The thinker who crafted designs for societal culture change
- sciart0
- Apr 21
- 1 min read
Excerpt: "Christopher Rufo is perhaps the most potent conservative activist in the U.S. Last year, he led the campaign that pressured Harvard University into replacing Claudine Gay as its president. His crusades against critical race theory and DEI in higher education have shaped President Trump’s aggressive policies toward elite universities like Harvard, which the administration targeted this week with a $2.26 billion funding freeze.
For the past year, Rufo has been working on a book called “How the Regime Rules,” which he describes as a “manifesto for the New Right.” At its core is a surprising inspiration: the Italian Communist thinker Antonio Gramsci, a longtime boogeyman of American conservatives. “Gramsci, in a sense, provides the diagram of how politics works and the relationship between all of the various component parts: intellectuals, institutions, laws, culture, folklore,” said Rufo, a senior fellow at the Manhattan Institute.

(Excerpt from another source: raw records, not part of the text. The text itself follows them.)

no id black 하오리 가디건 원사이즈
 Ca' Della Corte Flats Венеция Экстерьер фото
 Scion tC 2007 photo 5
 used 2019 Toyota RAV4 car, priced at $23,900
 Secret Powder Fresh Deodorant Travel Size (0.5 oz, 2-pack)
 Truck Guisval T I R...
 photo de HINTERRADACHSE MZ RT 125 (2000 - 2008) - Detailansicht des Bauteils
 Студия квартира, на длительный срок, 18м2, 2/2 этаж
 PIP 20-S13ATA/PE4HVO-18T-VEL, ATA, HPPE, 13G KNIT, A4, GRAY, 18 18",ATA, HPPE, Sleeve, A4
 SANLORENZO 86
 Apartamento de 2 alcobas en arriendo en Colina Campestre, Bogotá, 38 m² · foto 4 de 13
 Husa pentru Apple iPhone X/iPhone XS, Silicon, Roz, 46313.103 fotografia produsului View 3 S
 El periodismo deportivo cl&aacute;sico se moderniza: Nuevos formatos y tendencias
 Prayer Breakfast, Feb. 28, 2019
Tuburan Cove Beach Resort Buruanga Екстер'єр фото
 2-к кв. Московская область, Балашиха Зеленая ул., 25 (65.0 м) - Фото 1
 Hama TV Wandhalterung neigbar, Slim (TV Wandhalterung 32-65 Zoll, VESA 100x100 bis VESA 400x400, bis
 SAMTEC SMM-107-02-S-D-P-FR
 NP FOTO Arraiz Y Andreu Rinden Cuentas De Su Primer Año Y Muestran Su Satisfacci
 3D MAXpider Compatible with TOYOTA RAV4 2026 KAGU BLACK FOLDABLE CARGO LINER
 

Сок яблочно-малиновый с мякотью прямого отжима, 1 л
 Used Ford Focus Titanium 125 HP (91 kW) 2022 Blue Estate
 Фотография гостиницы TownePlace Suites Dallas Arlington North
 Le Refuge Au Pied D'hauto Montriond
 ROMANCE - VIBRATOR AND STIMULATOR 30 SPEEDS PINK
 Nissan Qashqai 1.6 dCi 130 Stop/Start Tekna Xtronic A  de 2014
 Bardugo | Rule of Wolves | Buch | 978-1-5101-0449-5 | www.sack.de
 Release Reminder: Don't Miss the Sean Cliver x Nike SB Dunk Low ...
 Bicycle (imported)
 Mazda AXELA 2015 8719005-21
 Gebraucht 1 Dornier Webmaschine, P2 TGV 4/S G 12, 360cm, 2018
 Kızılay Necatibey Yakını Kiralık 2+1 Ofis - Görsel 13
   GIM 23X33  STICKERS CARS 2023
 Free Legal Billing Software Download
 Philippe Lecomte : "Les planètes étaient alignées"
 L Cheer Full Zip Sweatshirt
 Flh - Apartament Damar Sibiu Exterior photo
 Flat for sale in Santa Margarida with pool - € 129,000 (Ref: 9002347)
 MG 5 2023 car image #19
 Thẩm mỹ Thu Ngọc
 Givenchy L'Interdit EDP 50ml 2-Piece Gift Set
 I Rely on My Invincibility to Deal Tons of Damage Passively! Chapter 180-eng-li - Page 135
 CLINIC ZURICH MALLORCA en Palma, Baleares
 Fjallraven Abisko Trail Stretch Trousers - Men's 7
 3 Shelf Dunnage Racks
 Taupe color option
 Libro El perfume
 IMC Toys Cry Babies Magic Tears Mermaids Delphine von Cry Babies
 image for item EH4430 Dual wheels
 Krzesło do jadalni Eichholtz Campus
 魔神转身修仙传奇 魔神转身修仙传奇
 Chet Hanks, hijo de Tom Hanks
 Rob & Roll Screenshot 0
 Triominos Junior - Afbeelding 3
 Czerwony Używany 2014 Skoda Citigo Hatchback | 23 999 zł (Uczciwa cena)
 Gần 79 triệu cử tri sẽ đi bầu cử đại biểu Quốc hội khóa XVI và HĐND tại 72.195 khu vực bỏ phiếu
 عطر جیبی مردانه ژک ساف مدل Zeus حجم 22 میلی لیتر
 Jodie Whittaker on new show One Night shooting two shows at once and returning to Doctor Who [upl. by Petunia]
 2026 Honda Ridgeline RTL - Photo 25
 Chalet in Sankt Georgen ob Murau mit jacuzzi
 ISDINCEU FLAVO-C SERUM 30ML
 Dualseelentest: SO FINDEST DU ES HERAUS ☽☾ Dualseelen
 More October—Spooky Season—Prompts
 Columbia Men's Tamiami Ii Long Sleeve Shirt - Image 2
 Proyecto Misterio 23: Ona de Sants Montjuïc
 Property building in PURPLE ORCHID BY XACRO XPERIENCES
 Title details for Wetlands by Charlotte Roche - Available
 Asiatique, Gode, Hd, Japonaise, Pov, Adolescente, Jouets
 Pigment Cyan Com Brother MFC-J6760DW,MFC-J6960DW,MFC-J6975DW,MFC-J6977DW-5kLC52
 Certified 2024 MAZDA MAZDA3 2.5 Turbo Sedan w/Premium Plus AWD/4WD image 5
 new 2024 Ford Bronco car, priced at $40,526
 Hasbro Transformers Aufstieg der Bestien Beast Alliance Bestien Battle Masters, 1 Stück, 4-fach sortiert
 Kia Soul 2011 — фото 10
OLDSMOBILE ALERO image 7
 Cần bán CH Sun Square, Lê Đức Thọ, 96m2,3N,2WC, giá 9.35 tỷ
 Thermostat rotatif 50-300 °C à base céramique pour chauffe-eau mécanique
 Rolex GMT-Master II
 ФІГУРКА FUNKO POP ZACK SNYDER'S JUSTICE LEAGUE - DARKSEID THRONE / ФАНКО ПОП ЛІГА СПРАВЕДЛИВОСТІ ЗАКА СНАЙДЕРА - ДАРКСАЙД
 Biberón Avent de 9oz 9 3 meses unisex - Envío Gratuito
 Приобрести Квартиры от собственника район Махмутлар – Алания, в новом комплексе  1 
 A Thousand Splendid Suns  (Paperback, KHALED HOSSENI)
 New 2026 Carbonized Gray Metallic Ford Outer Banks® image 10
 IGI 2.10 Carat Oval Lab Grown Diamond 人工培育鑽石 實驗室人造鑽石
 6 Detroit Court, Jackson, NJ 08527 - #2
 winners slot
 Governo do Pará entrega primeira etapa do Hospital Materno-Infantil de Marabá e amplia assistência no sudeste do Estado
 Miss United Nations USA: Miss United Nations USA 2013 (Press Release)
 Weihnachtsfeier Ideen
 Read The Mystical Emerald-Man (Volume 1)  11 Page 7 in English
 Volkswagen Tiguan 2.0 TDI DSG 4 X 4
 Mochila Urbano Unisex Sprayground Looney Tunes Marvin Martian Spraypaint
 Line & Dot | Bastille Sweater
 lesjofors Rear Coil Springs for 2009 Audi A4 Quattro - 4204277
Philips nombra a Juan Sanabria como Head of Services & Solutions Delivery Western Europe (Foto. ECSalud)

Gramsci died in 1937, but he can be seen as the godfather of today’s culture wars. A dedicated opponent of Italy’s fascist dictator Benito Mussolini, he spent most of his last decade in prison, where he developed a highly influential new way of thinking about politics that put culture, rather than economics, at the center of the class struggle.
In his “Prison Notebooks,” Gramsci reckoned with why so much of the Italian working class supported Mussolini’s far-right Fascist party, exactly the opposite of what Marxist economic theory predicted. He found the answer in what he called “cultural hegemony,” a form of power that convinced ordinary people to embrace ideas and policies they otherwise wouldn’t support."